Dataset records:
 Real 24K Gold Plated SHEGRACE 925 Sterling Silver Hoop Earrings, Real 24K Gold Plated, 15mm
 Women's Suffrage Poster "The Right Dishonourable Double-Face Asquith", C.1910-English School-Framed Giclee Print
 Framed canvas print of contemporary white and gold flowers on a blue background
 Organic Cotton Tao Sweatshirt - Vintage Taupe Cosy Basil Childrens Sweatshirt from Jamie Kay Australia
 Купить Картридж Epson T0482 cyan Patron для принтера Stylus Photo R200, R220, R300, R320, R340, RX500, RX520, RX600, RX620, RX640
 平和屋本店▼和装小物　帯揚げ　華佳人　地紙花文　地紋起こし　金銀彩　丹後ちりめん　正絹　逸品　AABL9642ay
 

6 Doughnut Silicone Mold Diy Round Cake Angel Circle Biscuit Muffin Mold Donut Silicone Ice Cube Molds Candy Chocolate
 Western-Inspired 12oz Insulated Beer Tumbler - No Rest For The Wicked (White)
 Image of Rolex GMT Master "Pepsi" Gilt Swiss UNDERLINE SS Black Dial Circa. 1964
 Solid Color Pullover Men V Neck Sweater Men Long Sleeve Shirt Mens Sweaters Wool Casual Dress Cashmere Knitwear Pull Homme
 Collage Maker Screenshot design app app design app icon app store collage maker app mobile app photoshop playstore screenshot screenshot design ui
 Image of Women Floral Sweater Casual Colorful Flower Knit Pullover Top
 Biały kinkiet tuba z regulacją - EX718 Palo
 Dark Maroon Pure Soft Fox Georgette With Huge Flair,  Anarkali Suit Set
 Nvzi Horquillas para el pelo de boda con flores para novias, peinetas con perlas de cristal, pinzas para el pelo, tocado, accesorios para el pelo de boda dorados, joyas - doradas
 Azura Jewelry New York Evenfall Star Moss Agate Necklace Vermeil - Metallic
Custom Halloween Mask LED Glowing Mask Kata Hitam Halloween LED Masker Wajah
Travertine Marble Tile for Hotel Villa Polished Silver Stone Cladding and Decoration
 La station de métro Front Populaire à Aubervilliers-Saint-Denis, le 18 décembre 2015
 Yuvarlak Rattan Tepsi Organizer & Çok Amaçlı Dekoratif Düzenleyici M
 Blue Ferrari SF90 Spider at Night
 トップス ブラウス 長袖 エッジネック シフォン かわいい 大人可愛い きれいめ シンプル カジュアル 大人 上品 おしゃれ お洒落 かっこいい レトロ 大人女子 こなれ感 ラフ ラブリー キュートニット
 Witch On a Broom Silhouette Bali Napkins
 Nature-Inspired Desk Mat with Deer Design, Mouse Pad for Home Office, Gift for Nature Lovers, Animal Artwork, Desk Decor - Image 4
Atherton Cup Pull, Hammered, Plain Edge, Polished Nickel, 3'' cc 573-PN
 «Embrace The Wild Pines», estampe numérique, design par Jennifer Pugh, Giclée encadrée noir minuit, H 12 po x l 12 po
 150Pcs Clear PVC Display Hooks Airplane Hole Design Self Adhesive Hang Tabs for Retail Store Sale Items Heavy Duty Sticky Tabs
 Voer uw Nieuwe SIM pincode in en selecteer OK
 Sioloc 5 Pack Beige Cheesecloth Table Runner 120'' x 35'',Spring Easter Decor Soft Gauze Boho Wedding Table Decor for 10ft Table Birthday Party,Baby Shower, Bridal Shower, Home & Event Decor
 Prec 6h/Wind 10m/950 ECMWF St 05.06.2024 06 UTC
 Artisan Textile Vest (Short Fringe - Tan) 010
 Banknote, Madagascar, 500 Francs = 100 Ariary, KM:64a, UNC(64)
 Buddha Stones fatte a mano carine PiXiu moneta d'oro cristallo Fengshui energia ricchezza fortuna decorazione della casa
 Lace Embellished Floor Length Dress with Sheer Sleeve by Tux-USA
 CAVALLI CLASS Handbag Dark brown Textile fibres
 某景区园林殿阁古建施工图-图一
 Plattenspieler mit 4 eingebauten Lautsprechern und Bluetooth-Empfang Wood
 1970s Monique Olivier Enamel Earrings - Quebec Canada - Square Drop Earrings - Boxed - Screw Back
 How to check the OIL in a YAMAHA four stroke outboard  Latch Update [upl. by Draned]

◆ What to do
Find the line containing "Plattenspieler mit 4", then output it and every line after it to the end of the data, exactly.

◆ Output of the task
 Plattenspieler mit 4 eingebauten Lautsprechern und Bluetooth-Empfang Wood
 1970s Monique Olivier Enamel Earrings - Quebec Canada - Square Drop Earrings - Boxed - Screw Back
 How to check the OIL in a YAMAHA four stroke outboard  Latch Update [upl. by Draned]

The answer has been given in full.